Alors que l'opposition a donné à M. Morsi jusqu'à mardi pour quitter le pouvoir, quatre de ses ministres ont remis leur démission lundi.

Parmi eux, le ministre du Tourisme Hicham Zaazou avait déjà voulu démissionner le mois dernier pour protester contre la nomination comme gouverneur de la région très touristique de Louxor d'Adel al-Khayyat, membre d'un parti islamiste lié à un groupe radical ayant revendiqué en 1997 une attaque qui avait coûté la vie à 58 touristes étrangers près de cette ville. Il était revenu sur sa décision après le départ du gouverneur controversé.

Au Caire, le siège du mouvement des Frères musulmans, dont M. Morsi est issu, a été en partie incendié dans la nuit dans le quartier du Moqattam, avant d'être occupé et pillé lundi matin.

Certains assaillants jetaient des objets par les fenêtres, tandis que d'autres emportaient des casques, des gilets pare-balles, des postes de télévision, des meubles et des documents, a constaté un journaliste de l'AFP.

«C'est un moment historique. Les Frères musulmans ont ruiné le pays, et les dévaliser est donc justifié», expliquait à l'AFP Mohammed, un manifestant.

Les cortèges de dimanche --d'une ampleur sans précédent-- ont lancé «La révolution du 30 juin», par ailleurs jour du premier anniversaire de l'investiture de M. Mosi, affirmait lundi le quotidien indépendant Al-Masry al-Youm.

À quelques kilomètres de la place Tahrir, où des manifestants sont restés pendant toute la nuit, les partisans du premier président élu démocratiquement de l'histoire du pays campaient également dans le faubourg de Nasr City, dans l'est de la capitale, pour soutenir la «légitimité» de M. Morsi.

L'armée, qui a parlé de «millions» de manifestants hostiles à M. Morsi à travers le pays, a estimé le chiffre des pro-Morsi à 25 000.

Après avoir récolté 22 millions de signatures pour une pétition réclamant le départ du président, le mouvement Tamarrod (rébellion en arabe) a posé un ultimatum à M. Morsi.

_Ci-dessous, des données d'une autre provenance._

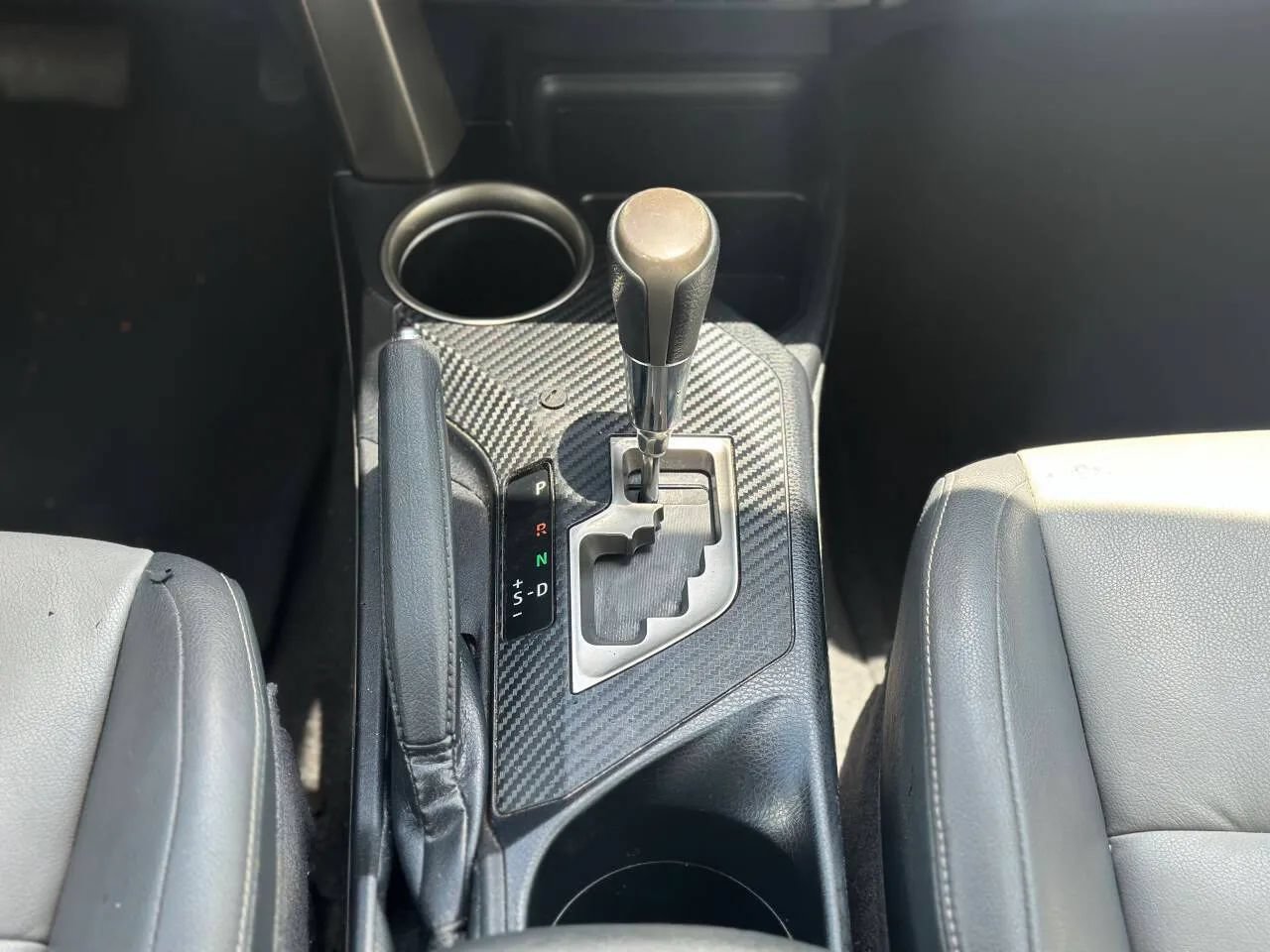 Used 2013 Toyota RAV4 Limited FWD image 16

«Nous donnons à Mohamed Morsi jusqu'à mardi 2 juillet à 17H00 (15H00 GMT) pour quitter le pouvoir et permettre aux institutions étatiques de préparer une élection présidentielle anticipée», a affirmé Tamarrod sur son site internet. En cas de refus, «mardi 17H00 sera le début d'une campagne de désobéissance civile totale».

Avec le soutien de nombreuses personnalités et de mouvements de l'opposition laïque, libérale ou de gauche, l'appel de Tamarrod a mobilisé massivement.

Le mouvement appelle désormais l'armée, la police et l'appareil judiciaire à «se positionner clairement du côté de la volonté populaire représentée par (ces) foules».

L'armée, qui avait pris pour un an et demi les rênes de l'exécutif entre le départ de M. Moubarak et l'élection de M. Morsi en juin 2012, a déclaré la semaine dernière qu'elle ne laisserait pas le pays «plonger dans un tunnel sombre de conflit et de troubles».

Les adversaires de M. Morsi dénoncent une dérive autoritaire de son pouvoir et une mainmise des Frères musulmans sur le pays.

M. Morsi a une nouvelle fois appelé dimanche soir au dialogue.

Une offre aussitôt rejetée par Tamarrod qui ne voit «pas d'autre alternative que la fin pacifique du pouvoir des Frères musulmans et de leur représentant, Mohamed Morsi».

L'instabilité persistante en Égypte, pays le plus peuplé du monde arabe avec plus de 80 millions d'habitants, pèse lourdement sur une économie handicapée par une inflation et un chômage en hausse ainsi qu'une chute de sa monnaie.